漢字とひらがなは上手に使い分ける
「時」と「とき」。
「物」と「もの」など。
文章を書いていると使いたい言葉を漢字で書くべきはひらがなで書くべきか迷うときがあります。文章の書き方がうまい人は、意味によって漢字と仮名を使い分けます。
たとえば、「時」と「とき」。
「時には手を抜くことも必要だ」「イチローが満塁ホームランを打ったその時」など、特定の時期や時点を示すときは漢字の「時」を使うといいでしょう。
一方、「余裕がないとき」「階段を上ったとき」のように、状況や仮定、条件を示すときは、ひらがなで書いたほうが直感的にわかりやすくなります。
「物」の場合も、いつも漢字の「もの」では読み手に違和感を与えてしまうことがあります。
「物を投げる」「物を選ぶ」といったときは、漢字の「物」がふさわしいですが、「ものわかりがいい」「ものにする」のようにひらがなにしたほうがしっくりきます。使い分け方としては、漢字の「もの」は具体的な物や品を表すとき、ひらがなの「もの」は抽象的なものを表すときに使うといいでしょう。
「前」と「まえ」では、「バス停前」「駅前」など具体的な位置を示すときは、漢字の「前」。
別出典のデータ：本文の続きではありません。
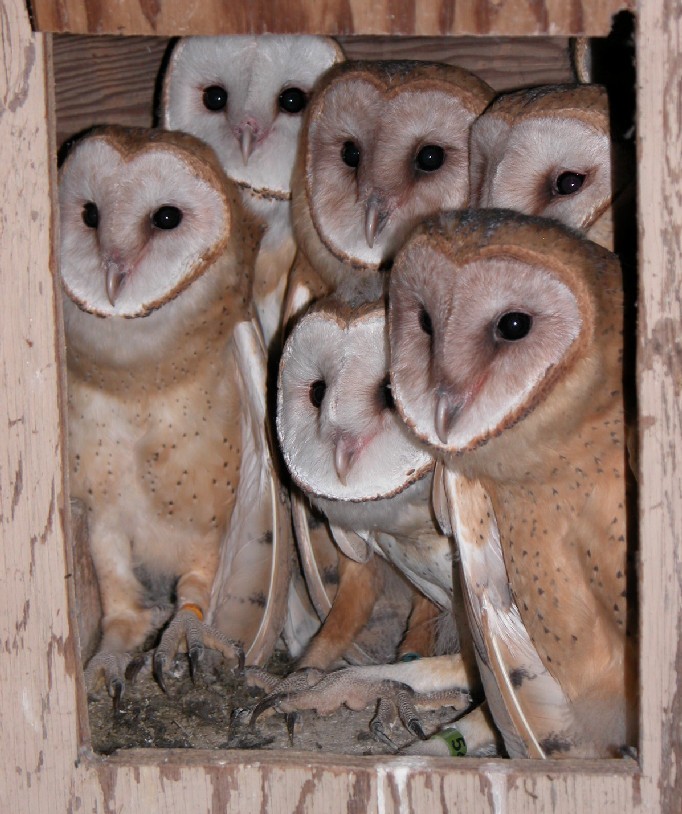 Image of Barn Owl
「すこしまえ」「スポーツのまえ」のような時間を示すときはひらがなの「まえ」をつかうとわかりやすくなります。
「方」と「ほう」も読み手に誤解されやすい言葉です。たとえば、「市役所の方」とあった場合、「市役所の方角」なのか「市役所に勤めている人」を指しているのかは、前後の文章を読まないとわからない。この場合は、方角を表す場合は、ひらがなの「ほう」を、人を表す場合は、漢字の「方」を使うのがいいでしょう。
漢字とひらがな、どちらを使っても間違いではないが、頭のいい人は、読み手のことを考えて上手に使い分けをしています。